Because it knows tomorrow is far yet bright
That it is not reserved for their evil forces
Although despair may spread
And Hope dissipates
Nations and people ruminate in the dark plaintive night
Poetry is still here, still shackled to wooden planks
Silent, bruised, persistent
Tricking a heart that “radiates love and respect” into helping a
False country
By clearly seeing the true forms of Communism
All will disintegrate, but the infinite power of poetry
Will conquer both time and space
And break down the rusty steel and metal of the enemy!
Thơ của tôi
Thơ của tôi không phải là thơ
Mà là tiếng cuộc đời nức nở!
Tiếng của nhà giam ngòm đen khép mở
Tiếng khò khè hai lá phổi hoang sơ!
Tiếng đất vùi (mộ) đổ xuống lấp niềm mơ!
Tiếng khai quật cuốc đào lên nỗi nhớ!
Tiếng răng lạnh đập vào nhau khổ sở!
Tiếng dạ dày đói lả bóp bâng quơ!
Tiếng tim buồn thoi thóp đập bơ vơ!
Tiếng bất lực trước muôn ngàn sụp đổ!
Toàn tiếng của cuộc đời sống dở,
Và chết thời cũng dở, phải đâu thơ
1970
My Poetry
My verses are in fact no verses
They are simply Life’s sobbings
Dark prison cells opening and shutting
The dry cough of two hollow lungs
The sound of dirt burying dreams
The sound of hoes exhumating memories
The chattering of teeth in cold and misery
The pointless contractions of an empty stomach
The hopeless beat of a dying heart
The voice of impotence within a collapsing earth
All the sounds of a life not worth living
Even death is so bad, it can’t be poetry
Thơ của tôi
Thơ của tôi không có gì là đẹp
Như cướp vồ, cùm kẹp, máu ho laọ
Thơ của tôi không có gì cao
Như chết chóc mồ hôi báng sung
Thơ của tôi là những gì kinh khủng
Như Đảng, Đoàn, như lãnh tụ,như trung ương
Thơ của tôi kém phần tưởng tượng
Nó thật như tù, như đói, như đau thương
Thơ của tôi chỉ để đám dân thường
Nhìn thấu suốt tim đen phường quỷ đỏ.”
1975
My Poetry
There is nothing beautiful about my poetry
Like highway robbery, shackles clamping, and tubercular blood
There is nothing noble about my poetry
Like death, sweat, and rifle butts
My poetry is made up of terrible things
Like the Party, the Youth Union, the leaders, the Central Committee
My Poetry lacks imagination
It is as real as prison, as hunger and suffering
My poetry is for simple folks
To see through the black heart of the Red devils.”
Có phải em là
Có phải em là em bé?
Bố tập trung xa cách đã mười năm?
Bố dượng em là bác da ngăm ngăm,
Là đồng chí bí thư nơi mẹ em công tác?
– Anh là bạn tù của bố em, từ tỉnh khác
– Về tìm em để nhắn hộ tin…
– Bố em giờ đau ốm cần xin
– Ít ký ninh, ít đường đen bồi dưỡng!
Bố dặn mẹ hãy an lòng, đừng ngượng
Bố hiểu cảnh tình rất thương mẹ và em
Hãy nín đi em đừng khóc!
Bố sắp về rồi, bố sẽ cho em đi học,
Mua cho em đôi dép em đi…
Em sẽ được là thiếu nhi quàng khăn đỏ
Là cháu ngoan bác Hồ em có thích không?
–Có thích
1976
Are you not the child?
Are you not the child?
Whose father regrouped 10 years ago?
Your stepfather is the man with the dark olive skin,
He is the comrade secretary where your mother works?

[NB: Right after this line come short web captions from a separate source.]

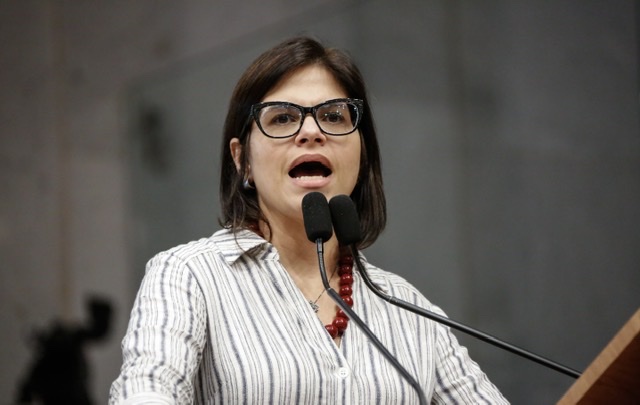 Priscila questiona uso de recursos de compensação ambiental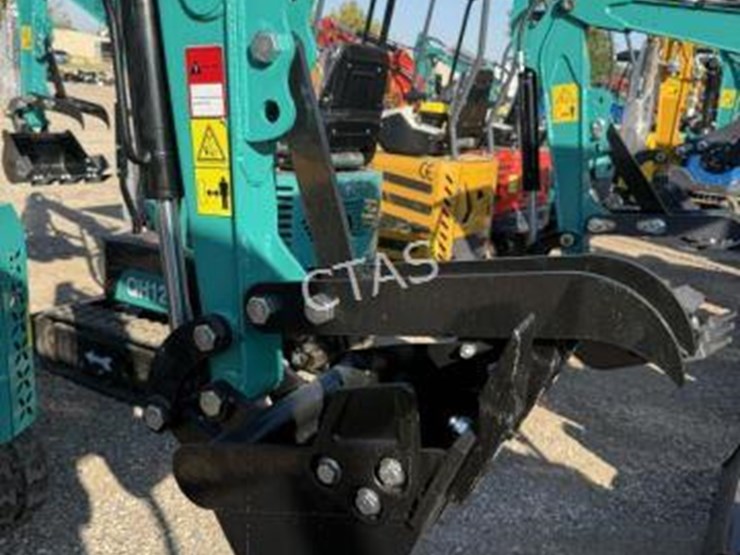 #73-•-mini-excavator---gas---model:-h15r-image-7
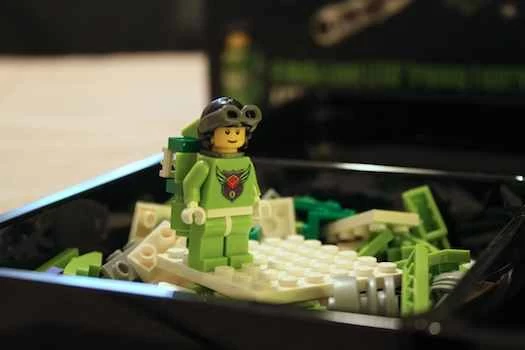 太空人迷你人偶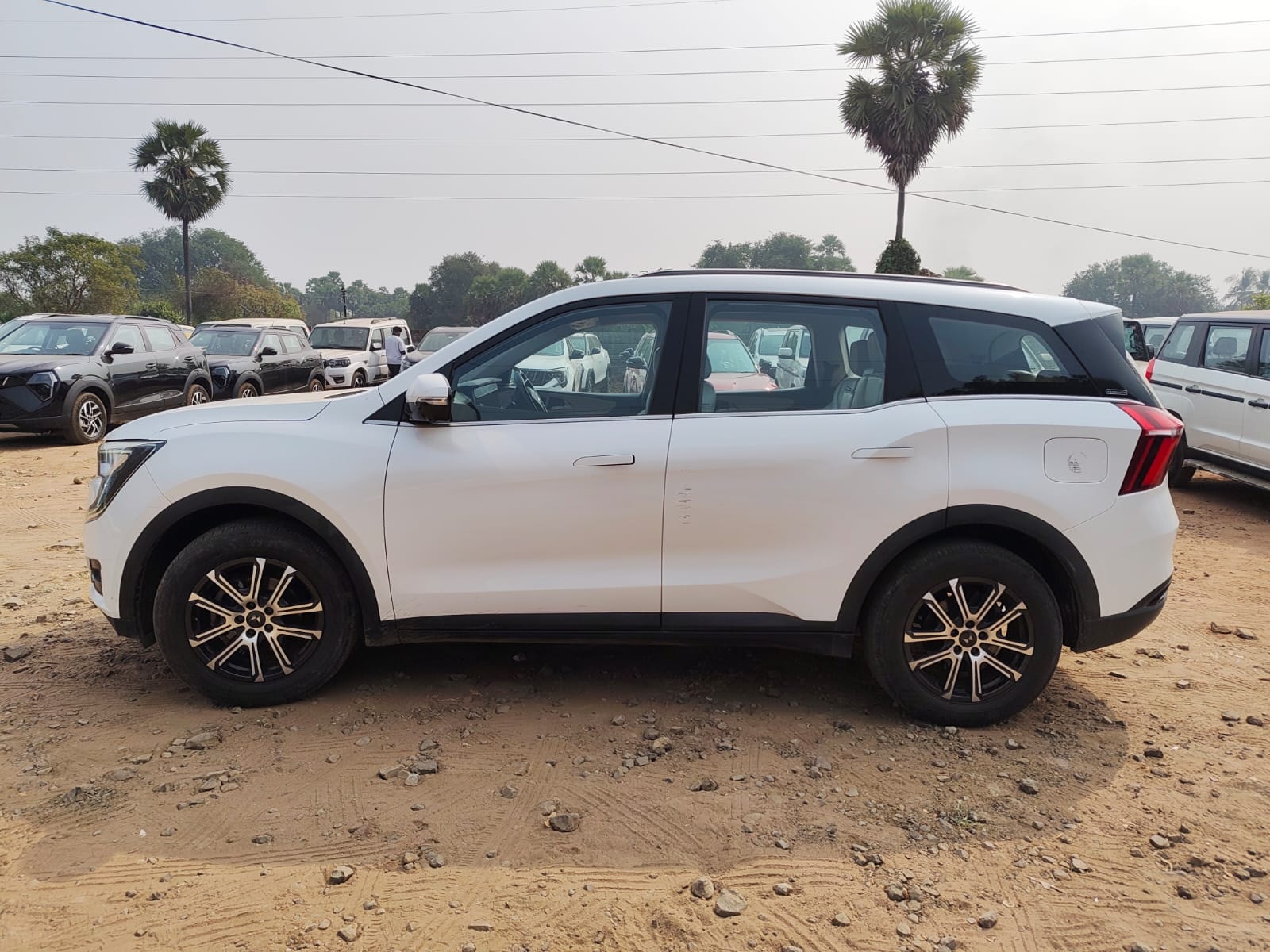 Used 2023 Mahindra XUV700 Used 2023 Mahindra XUV700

I’m your father’s prison friend, from another province
I have been looking for you to give you a message…
Your Father is sick and needs
A bit of quinine, a little black sugar to eat!
Your Father wants to reassure your mother, she mustn’t be embarrassed
He understands the situation, he loves her and you both
Please stop crying!
Your father will come back and send you to school,
He will buy you sandals to walk in…
You will be the Red-Scarfed child
Uncle Ho’s well-mannered child, would you like that?
– Yes, I would!
Một tay em trổ
Một tay em trổ: Đời xua đuổi!
Một tay em trổ: Hận vô bờ!
Thế giới ơi! người có thể ngờ?
Đó là một tù nhân tám tuổi!
Trên bước đường tù, tôi rong ruổi
Tôi gặp hàng ngàn em bé như em!
A tattoed arm
A tattoed arm: Life Gone!
A tattoed arm: Infinite Hatred!
Oh world! Who would have imagined?
That’s an eight-year-old prisoner!
Throughout my prison journey
I have met thousands of children like him!
Thai-Anh Nguyen-Khoa
If Nguyen Chi Thien’s story is both extraordinary but also typical, how many among us has been touched by Vietnamese poets, writers, artists who have labored in obscurity?